◆ TASK PROMPT
Reproduce exactly the lines of the material beneath, from the line that contains "4 vase din ceramicǎ servire melci, Franța" to the line that contains "SNOW PEAK Chaise Basse Khaki< Outdoor", both included, and no other lines.

◆ RECORDS SHOWN

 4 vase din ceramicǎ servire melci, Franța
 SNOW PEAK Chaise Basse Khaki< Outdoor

---

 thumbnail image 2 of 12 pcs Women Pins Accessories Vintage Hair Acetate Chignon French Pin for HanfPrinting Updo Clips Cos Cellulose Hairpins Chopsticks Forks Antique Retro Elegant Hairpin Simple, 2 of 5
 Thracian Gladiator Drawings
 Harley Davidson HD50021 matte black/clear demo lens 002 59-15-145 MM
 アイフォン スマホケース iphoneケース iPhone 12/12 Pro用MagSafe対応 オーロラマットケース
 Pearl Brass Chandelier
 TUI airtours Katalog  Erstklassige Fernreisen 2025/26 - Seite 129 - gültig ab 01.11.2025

◆ EXERCISE ANSWER
 4 vase din ceramicǎ servire melci, Franța
 SNOW PEAK Chaise Basse Khaki< Outdoor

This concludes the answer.